On paper, Rogue Legacy is something that I could really jive with. It's a roguelite, obviously, a genre that has really struggled to capture my attention for prolonged periods, but by way of classical platforming and slashing, gold coins exploding out of every chest, enemy, and piece of furniture. I'm susceptible to these sorts of things, admittedly, like jangling keys entertaining a cat.

These coins serve as currency for a progression system, which I also consider a saving grace for roguelikes - a way for me to meaningfully evaluate my progress and improvement beyond a nebulous self-examination of "skill" - and in tandem, hours blew by in Rogue Legacy as I smashed and crashed everything in sight, amassing my fortune and unlocking new goodies. I have always been a fan of treasure-seeking and optional midbosses, and this game has both in spades.

Unfortunately, though this is presumably one of the valid, intended playstyles by the developers - especially for those like myself who are not amazing at these zippy bullet-spam indies, and need the various upgrades to have a solid chance - playing this way is setting yourself up for torture. A vast majority of the armor pieces, runes, and skill tree nodes are effectively worthless, as everything comes back to attack strength and your health and mana pools. The new classes you can unlock are largely terrible, usually coming with severely reduced survivability in exchange for their gimmick, and since your character is rerolled each death, you may find your selection of kin to be exclusively useless, or putting you at a vast disadvantage. In the late game, even with the ability of picking one of 6 possible descendants, I was regularly faced with no good option, and resigned myself to a quick death in order to try my luck again.

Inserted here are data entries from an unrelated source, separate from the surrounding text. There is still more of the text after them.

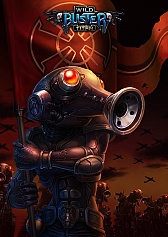 画像ギャラリー No.015のサムネイル画像 / ［G-Star 2013］爽快感に重点を置いた新作SF MMORPG「Wild Buster」がプレイアブル出展。キャラクターは24種類から選択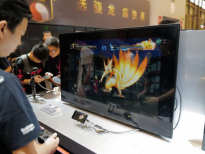 高通再次包馆ChinaJoy，骁龙888 Elite Gaming手机游戏风暴来袭
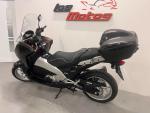 Klikněte pro detailní foto č. 3 - Honda NC 700 D Integra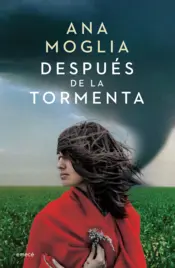 Portada Después de la tormenta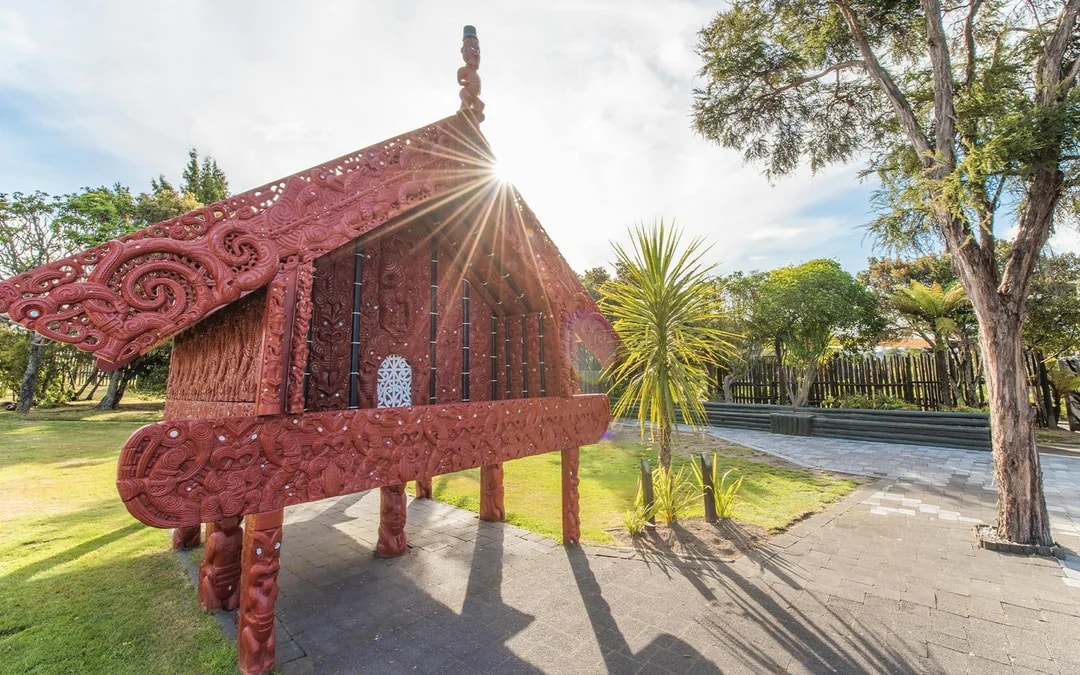Te Puia: Te Rā Guided Experience + Haka Combo Image 8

It wasn't until I had accumulated most every treasure in the game that I started to clean up the remaining bosses and trying to finish the story, and despite having high-level equipment and well over 100 levels to my name, distributed evenly among all the experience nodes, I was still woefully unprepared for the more difficult challenges. Barring impeccable precision and endurance, it's significantly more advantageous to the player to skip all of the goodies, instead just pouring your fortune into the essential stats and abstaining from unlocking the gimped classes. Every time I saw a Mage, Spellsword, Assassin, Spelunker (when not treasure-seeking), and especially the godforsaken [REDACTED], my heart sank a bit. If I were to pick one of them, returning to the boss that slayed me would be a fool's errand.

Rogue Legacy offers you freedom, but it doesn't truly believe in it. The path to success is a narrow and plain one, and it requires the player to discard the ancillary joys of this game in the process. There is something humming here, a life force of some sort in those glorious bags of gold, but it's poorly honed, and ultimately Rogue Legacy is something of a failure.